What the exercise asks :: Where the data below contains pictures, omit them; output the rest word for word.

Exercise data ::
Segment Open

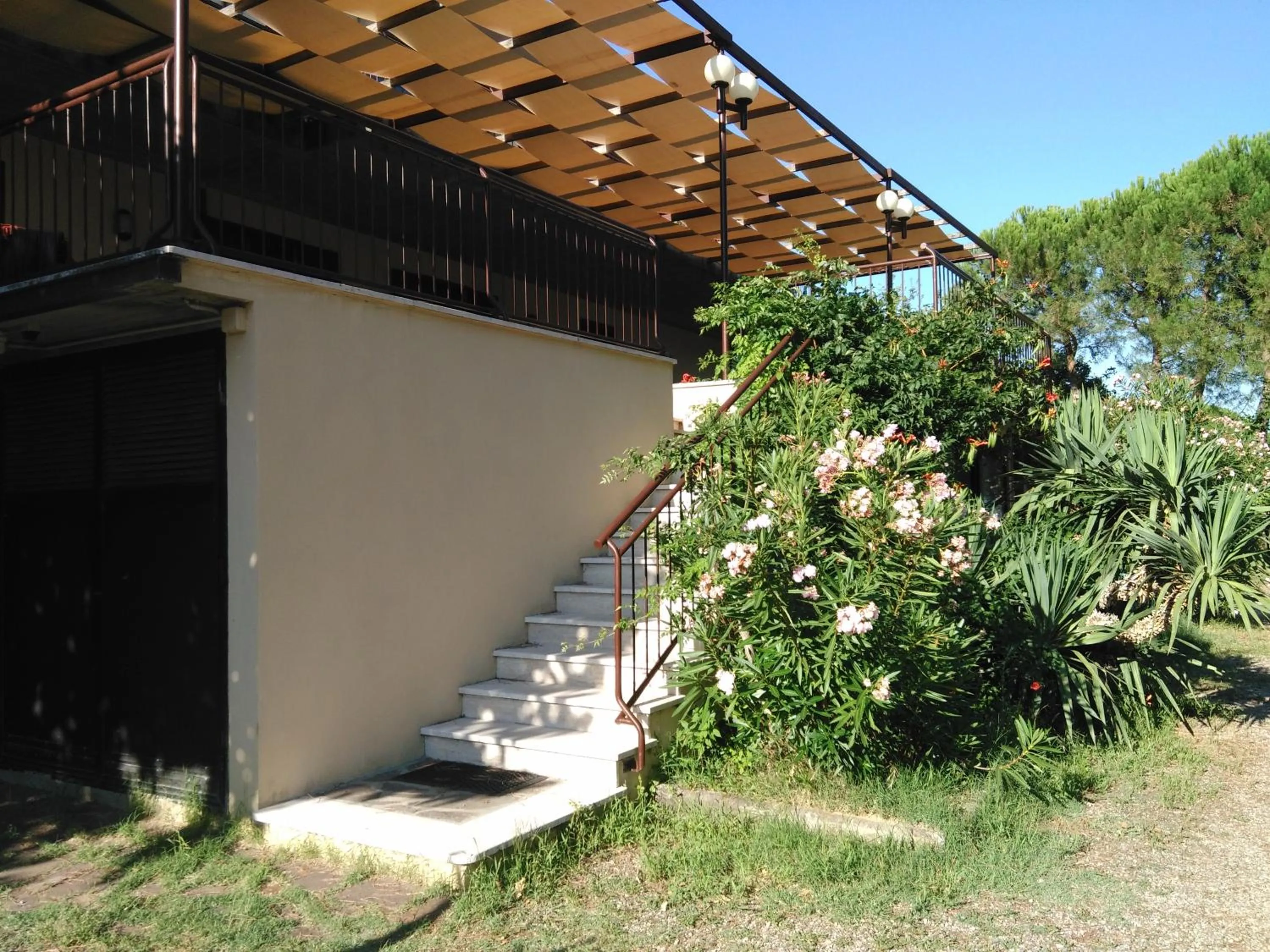 Le Ginestre Arte Vacanze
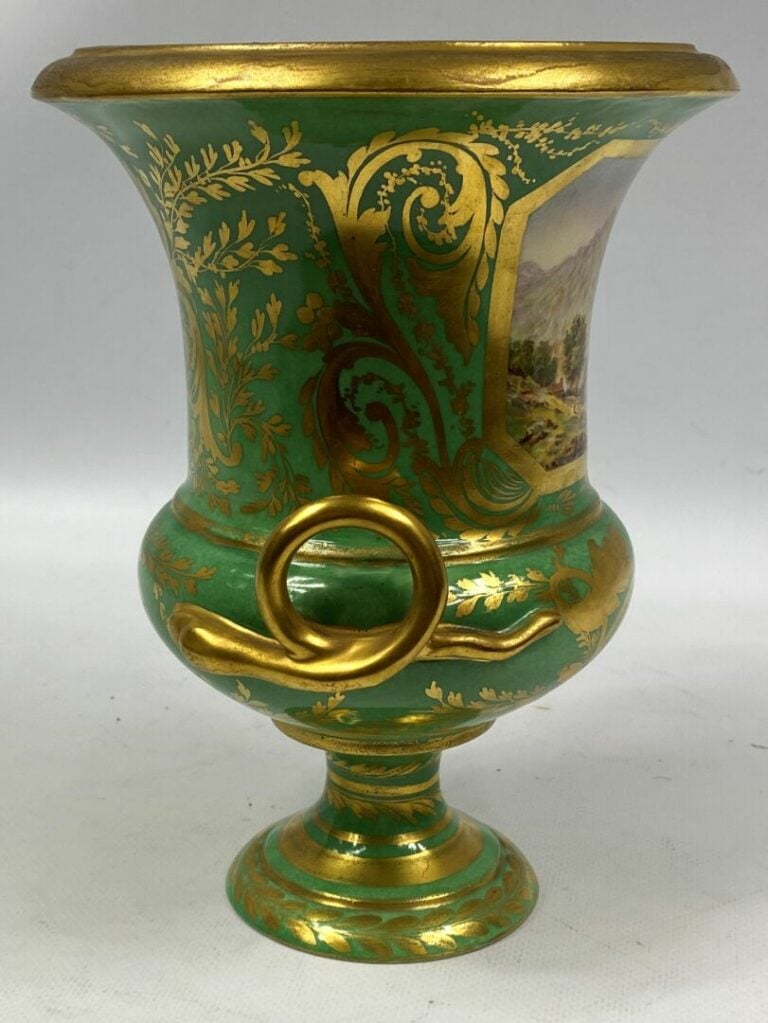 Vase Médicis en porcelaine à décor polychrome en réserve d'une scène animée dan…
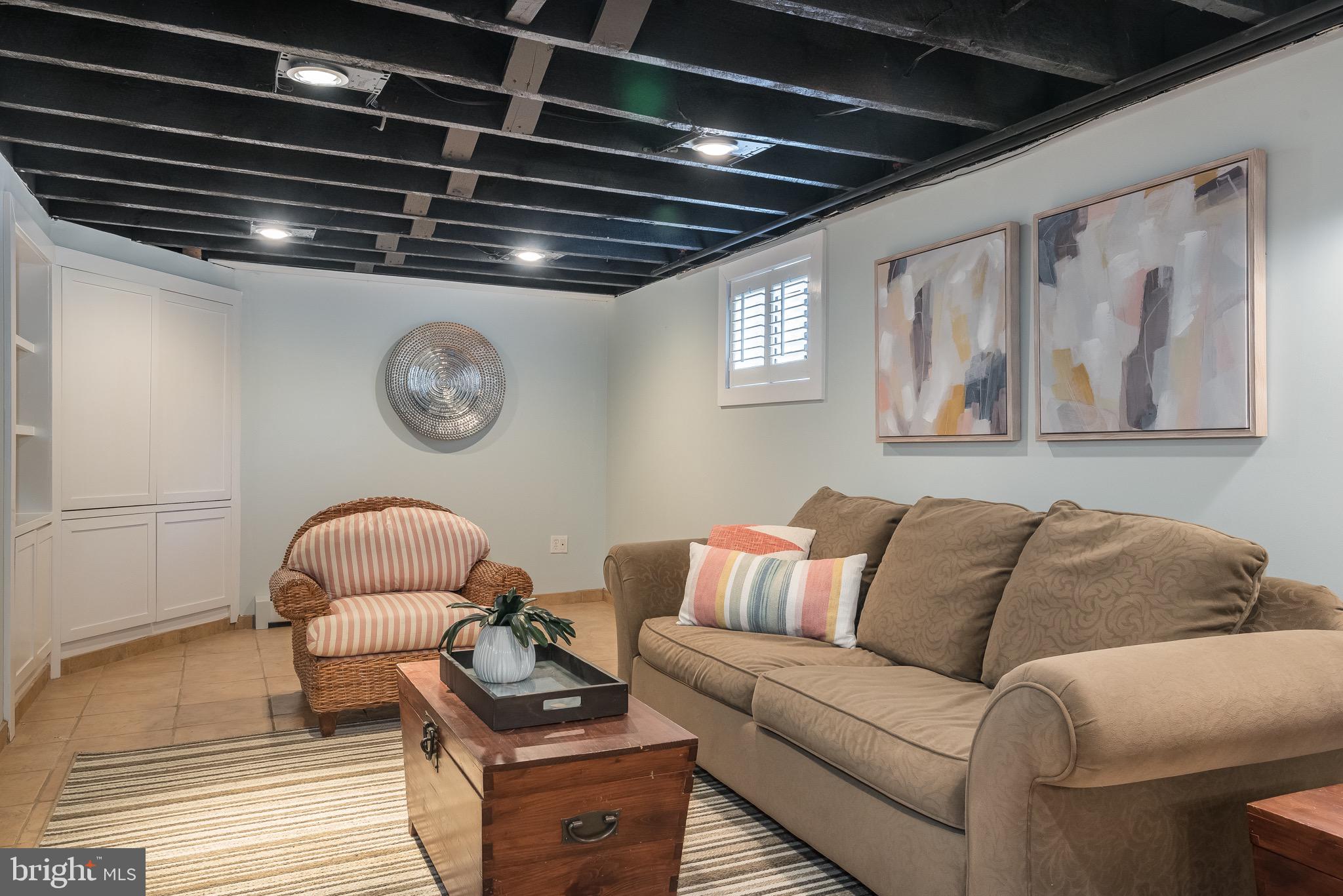 EASTPORT - Residential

Segment Closed

Task solution ::
 Le Ginestre Arte Vacanze
 Vase Médicis en porcelaine à décor polychrome en réserve d'une scène animée dan…
 EASTPORT - Residential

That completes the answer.